This largely pictorial article in the New York Times documents the impressive array of infrastructure projects on every continent other than Antarctica that the Chinese have tackled:
We found 112 countries where China has financed projects. While most fall under its infrastructure plan known as the Belt and Road Initiative, Beijing has pushed beyond those boundaries.
After years of honing its construction skills at home, China is now deploying them abroad, including a series of hydroelectric dams.
However, this version of foreign aid has Chinese characteristics:
China has a different view when it comes to labor and environmental strictures. To staff overseas projects, Chinese companies have flown in their own workers by the thousands, drawing complaints that they are doing little to create local jobs. Safety standards have been uneven.
And Beijing continues to export polluting technologies like coal-fired power plants, even as such projects have become unpopular in China.
Western governments and multinationals generally steer clear of politically volatile countries. The Chinese government has been less skittish, lending heavily to nations like Venezuela, Nigeria and Zimbabwe.

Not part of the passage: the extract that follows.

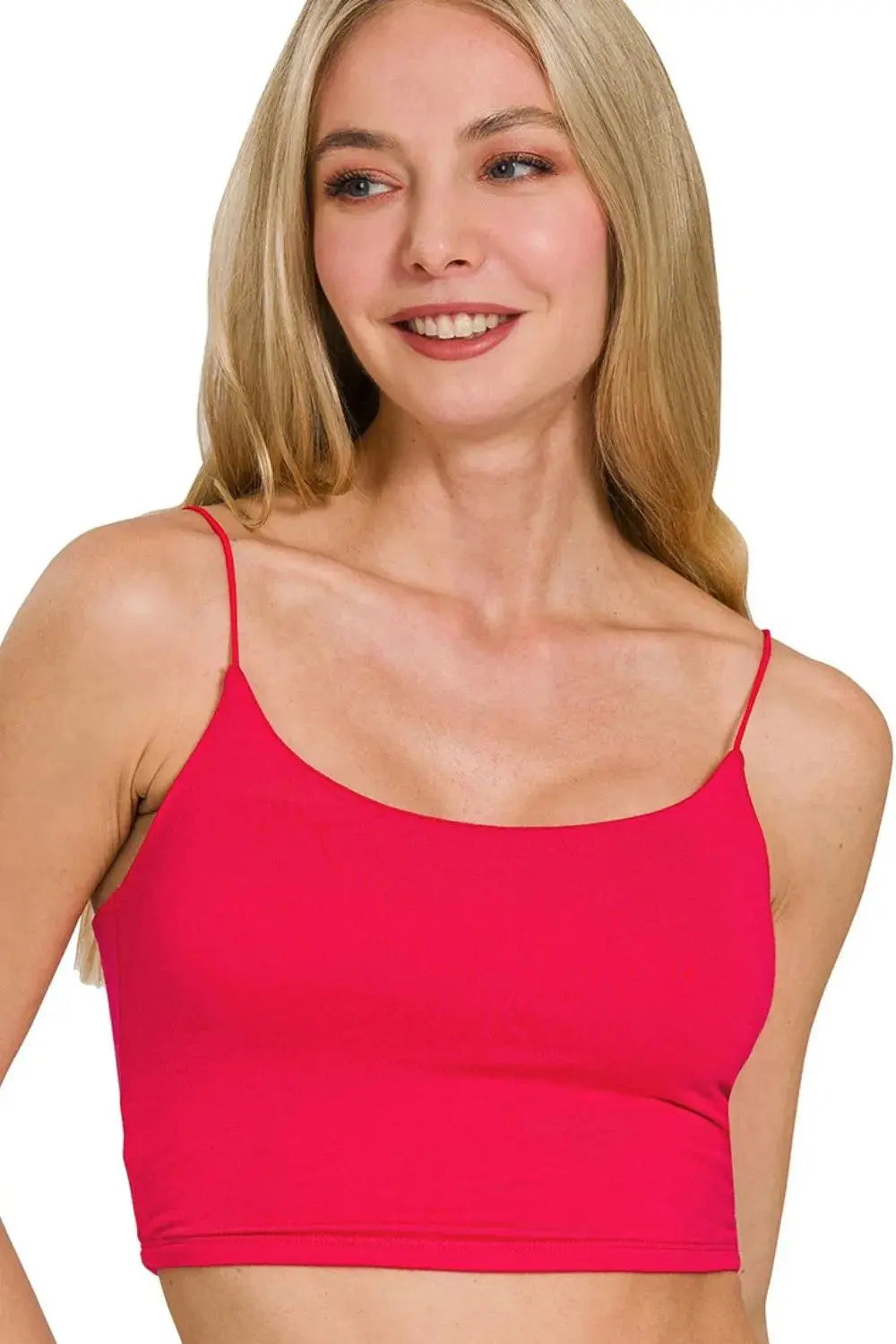 Bra Tank Top - Comfy & Supportive - Double Layer Cami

But China’s lending is not usually largess. Countries that run into financial trouble must renegotiate their loans, putting them deeper into debt. Sometimes projects are left in limbo.
As both the British and Americans found there’s more to building countries than roads, dams, and bridges. For one thing infrastructure in a box of the sort that the Chinese have been producing does not leave behind people with the skills to improve or maintain the structures built including the organizational skills.
The British left systems of civic infrastructure behind them that resulted in their colonies becoming more prosperous than their neighbors. The infrastructure that the Spanish left behind them retarded the development of their former colonies.
I suspect that the Chinese will find that there’s more to making friends than building dams. As Sam Clemens put it, the difference between a man and a dog is that if you feed a dog and make him prosperous, he won’t bite you. What happens when you feed the dog but don’t make him prosperous? I can only speculate that there must be much more to China’s “Belt and Road” strategy than meets the eye, domestic objectives opaque to us.
Interesting China claim from Kling’s blog that I did not know.
“Andreas Kern and Cora Jungbluth write,
Driven by an almost uninterrupted property boom, household debt has exploded. China’s home ownership is now the highest in the world at 89.68 %, rising from almost zero two decades ago.”
Where are they getting the money to do all of this building?
Steve
In practice China only has one bank and it’s issuing lots of credit.
Yes, but only if your social credit score is high. This is interesting to watch develop. Most societies have internal forms of social control that have developed naturally. China’s experiment would be Ok if it kept it’s criteria within normal limits, but that I doubt. Mission creep will likely make China resemble North Korea with tearful Chinese professing their undying love of Chairman, President, General General Secretary Xi . He seems to have consolidated control. Soon there will be no legal Muslims or Christians there. Xi’s only 65 and may have 20 years left if he takes care of himself.
My next thought is that this looks like a recipe for revolution, but they are Asian, and they seem to have a history of accepting this kind of thing.